## Data to use
---------------

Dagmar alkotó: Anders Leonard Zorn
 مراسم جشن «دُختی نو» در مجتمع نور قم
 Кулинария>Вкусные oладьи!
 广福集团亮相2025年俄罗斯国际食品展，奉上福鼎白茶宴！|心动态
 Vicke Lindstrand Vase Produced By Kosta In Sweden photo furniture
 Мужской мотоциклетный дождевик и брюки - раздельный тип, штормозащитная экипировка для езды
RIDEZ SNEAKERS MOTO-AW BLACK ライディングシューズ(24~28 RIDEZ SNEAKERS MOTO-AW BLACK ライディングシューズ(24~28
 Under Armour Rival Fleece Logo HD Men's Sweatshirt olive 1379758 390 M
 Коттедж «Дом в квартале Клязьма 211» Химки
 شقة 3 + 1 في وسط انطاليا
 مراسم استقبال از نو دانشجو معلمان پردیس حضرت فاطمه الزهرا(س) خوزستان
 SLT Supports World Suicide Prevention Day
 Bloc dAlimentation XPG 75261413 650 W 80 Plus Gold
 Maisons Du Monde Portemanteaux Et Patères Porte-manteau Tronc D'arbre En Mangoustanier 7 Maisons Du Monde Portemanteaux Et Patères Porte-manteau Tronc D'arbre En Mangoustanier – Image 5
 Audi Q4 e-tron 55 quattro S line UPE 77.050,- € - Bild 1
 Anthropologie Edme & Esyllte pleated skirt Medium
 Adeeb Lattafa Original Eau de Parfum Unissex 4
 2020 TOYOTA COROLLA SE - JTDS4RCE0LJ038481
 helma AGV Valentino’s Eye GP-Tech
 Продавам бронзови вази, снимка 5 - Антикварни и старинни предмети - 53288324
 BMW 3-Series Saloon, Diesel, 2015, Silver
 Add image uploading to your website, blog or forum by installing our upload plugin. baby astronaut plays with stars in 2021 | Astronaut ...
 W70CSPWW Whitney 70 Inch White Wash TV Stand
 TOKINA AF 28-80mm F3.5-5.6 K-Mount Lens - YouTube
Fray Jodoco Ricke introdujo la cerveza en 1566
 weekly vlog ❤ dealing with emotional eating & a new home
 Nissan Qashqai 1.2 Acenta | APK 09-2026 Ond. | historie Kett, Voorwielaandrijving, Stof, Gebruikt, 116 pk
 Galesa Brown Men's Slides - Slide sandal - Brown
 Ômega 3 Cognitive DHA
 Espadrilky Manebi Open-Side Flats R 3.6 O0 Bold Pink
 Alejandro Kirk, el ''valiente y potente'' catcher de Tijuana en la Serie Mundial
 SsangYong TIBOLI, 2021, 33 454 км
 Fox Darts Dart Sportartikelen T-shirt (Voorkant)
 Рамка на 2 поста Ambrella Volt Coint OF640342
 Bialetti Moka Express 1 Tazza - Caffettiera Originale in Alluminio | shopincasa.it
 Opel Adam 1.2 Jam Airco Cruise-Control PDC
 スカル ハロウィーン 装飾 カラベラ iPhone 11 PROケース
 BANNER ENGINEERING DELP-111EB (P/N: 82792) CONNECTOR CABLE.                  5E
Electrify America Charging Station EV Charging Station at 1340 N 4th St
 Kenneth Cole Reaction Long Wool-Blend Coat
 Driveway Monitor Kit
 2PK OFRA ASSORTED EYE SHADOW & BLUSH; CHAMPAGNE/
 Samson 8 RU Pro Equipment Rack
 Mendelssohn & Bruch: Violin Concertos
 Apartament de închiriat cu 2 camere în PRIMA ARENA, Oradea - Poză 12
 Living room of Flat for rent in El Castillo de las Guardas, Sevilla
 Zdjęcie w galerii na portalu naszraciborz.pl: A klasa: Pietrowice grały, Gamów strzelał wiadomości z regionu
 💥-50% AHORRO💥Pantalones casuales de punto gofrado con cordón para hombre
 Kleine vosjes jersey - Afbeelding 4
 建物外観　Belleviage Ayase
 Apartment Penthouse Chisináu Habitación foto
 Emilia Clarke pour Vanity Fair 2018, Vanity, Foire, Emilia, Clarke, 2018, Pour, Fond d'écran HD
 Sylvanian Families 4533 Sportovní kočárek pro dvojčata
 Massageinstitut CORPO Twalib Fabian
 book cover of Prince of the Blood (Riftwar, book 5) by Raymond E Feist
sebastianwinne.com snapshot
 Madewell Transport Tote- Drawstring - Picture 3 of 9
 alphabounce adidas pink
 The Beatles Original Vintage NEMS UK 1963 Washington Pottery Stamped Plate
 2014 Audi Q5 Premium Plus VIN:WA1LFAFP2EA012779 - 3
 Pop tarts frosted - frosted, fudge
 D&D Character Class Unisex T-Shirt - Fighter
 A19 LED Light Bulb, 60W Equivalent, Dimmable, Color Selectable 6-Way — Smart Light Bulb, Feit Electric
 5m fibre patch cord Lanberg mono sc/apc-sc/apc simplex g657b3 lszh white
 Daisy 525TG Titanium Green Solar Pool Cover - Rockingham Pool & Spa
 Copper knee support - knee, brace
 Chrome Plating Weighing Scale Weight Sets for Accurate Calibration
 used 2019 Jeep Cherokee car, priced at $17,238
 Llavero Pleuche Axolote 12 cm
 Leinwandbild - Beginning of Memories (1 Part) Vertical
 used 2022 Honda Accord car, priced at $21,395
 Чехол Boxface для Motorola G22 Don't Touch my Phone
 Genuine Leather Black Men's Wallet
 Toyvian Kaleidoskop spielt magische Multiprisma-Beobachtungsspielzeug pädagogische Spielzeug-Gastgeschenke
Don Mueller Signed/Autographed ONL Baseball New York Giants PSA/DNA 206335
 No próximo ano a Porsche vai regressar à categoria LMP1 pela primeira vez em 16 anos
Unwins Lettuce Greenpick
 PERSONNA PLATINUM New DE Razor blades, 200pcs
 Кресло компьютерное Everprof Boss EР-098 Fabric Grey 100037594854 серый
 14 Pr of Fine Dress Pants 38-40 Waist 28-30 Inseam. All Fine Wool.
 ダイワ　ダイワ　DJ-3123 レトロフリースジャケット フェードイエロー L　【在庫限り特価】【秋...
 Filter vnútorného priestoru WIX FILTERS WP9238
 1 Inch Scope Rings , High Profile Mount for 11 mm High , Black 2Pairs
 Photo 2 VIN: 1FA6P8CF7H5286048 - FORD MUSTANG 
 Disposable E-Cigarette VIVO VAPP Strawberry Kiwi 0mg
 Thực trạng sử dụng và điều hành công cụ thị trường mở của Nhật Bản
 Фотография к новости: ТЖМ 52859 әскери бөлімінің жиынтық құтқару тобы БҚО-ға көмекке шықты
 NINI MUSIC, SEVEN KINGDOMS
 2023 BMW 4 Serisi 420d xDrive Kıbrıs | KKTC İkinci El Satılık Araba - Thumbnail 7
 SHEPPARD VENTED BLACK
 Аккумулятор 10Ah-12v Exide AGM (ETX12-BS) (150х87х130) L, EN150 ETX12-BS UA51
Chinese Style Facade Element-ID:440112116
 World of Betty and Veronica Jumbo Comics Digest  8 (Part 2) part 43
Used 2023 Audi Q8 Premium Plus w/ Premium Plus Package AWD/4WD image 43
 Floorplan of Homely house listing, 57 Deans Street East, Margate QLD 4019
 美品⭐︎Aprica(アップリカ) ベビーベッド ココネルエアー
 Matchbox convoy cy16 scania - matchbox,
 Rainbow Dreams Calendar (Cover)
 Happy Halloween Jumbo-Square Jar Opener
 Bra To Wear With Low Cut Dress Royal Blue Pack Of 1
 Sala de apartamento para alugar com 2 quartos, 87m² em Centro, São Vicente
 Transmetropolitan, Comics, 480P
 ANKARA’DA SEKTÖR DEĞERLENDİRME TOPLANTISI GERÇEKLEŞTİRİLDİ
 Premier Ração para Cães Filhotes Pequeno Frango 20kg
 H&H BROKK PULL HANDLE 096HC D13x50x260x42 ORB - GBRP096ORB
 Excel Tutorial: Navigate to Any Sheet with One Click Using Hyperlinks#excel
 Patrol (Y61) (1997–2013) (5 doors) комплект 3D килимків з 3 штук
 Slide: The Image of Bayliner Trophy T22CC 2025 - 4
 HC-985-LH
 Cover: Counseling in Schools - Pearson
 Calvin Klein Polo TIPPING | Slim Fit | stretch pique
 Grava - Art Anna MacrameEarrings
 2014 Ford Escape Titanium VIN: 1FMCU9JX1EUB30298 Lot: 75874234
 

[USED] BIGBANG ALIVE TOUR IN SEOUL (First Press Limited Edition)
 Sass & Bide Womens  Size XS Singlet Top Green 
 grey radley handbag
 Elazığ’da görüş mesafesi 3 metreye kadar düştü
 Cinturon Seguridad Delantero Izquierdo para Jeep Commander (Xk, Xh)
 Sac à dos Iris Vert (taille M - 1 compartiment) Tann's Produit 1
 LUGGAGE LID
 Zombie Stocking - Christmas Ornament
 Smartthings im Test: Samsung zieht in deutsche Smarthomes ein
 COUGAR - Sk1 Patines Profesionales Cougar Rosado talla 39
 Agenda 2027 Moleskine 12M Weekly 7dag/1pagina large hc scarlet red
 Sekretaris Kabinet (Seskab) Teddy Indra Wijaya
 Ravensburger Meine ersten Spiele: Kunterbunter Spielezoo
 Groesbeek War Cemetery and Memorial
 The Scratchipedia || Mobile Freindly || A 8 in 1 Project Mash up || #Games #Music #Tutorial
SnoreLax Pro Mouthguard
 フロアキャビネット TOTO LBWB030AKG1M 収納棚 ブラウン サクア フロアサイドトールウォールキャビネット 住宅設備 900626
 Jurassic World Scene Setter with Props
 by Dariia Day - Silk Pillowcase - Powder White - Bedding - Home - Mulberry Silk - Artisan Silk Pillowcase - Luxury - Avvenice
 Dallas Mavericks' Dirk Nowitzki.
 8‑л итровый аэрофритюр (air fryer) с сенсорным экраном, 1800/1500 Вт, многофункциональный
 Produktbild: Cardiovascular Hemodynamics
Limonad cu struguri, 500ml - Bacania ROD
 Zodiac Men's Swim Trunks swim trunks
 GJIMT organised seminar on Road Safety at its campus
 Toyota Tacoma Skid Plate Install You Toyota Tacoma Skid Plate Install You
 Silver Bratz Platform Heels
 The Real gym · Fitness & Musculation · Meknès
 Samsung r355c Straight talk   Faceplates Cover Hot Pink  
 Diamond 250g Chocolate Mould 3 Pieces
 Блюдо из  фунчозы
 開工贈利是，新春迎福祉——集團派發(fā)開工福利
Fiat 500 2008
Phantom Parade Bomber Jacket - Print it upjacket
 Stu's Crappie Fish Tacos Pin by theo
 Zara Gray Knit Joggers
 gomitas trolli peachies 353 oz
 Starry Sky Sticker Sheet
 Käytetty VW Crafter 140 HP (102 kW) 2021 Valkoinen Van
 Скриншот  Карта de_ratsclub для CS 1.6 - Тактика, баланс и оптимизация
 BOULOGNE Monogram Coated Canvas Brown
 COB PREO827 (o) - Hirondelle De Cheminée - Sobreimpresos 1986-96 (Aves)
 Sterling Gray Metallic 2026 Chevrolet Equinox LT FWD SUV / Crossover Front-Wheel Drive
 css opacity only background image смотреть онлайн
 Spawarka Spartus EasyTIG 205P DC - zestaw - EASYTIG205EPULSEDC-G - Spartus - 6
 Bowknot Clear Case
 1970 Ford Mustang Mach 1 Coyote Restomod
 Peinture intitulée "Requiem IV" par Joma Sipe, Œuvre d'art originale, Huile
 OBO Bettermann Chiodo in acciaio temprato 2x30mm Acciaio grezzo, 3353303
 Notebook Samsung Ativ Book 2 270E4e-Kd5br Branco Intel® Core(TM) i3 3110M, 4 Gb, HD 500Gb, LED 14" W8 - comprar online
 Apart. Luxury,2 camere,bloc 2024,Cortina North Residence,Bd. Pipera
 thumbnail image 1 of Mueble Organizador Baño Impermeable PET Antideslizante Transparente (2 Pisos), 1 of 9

---------------

Each line from the beginning of the listing up to the line where "Мужской мотоциклетный дождевик" appears needs to be given again exactly; please add nothing else.

Dagmar alkotó: Anders Leonard Zorn
 مراسم جشن «دُختی نو» در مجتمع نور قم
 Кулинария>Вкусные oладьи!
 广福集团亮相2025年俄罗斯国际食品展，奉上福鼎白茶宴！|心动态
 Vicke Lindstrand Vase Produced By Kosta In Sweden photo furniture
 Мужской мотоциклетный дождевик и брюки - раздельный тип, штормозащитная экипировка для езды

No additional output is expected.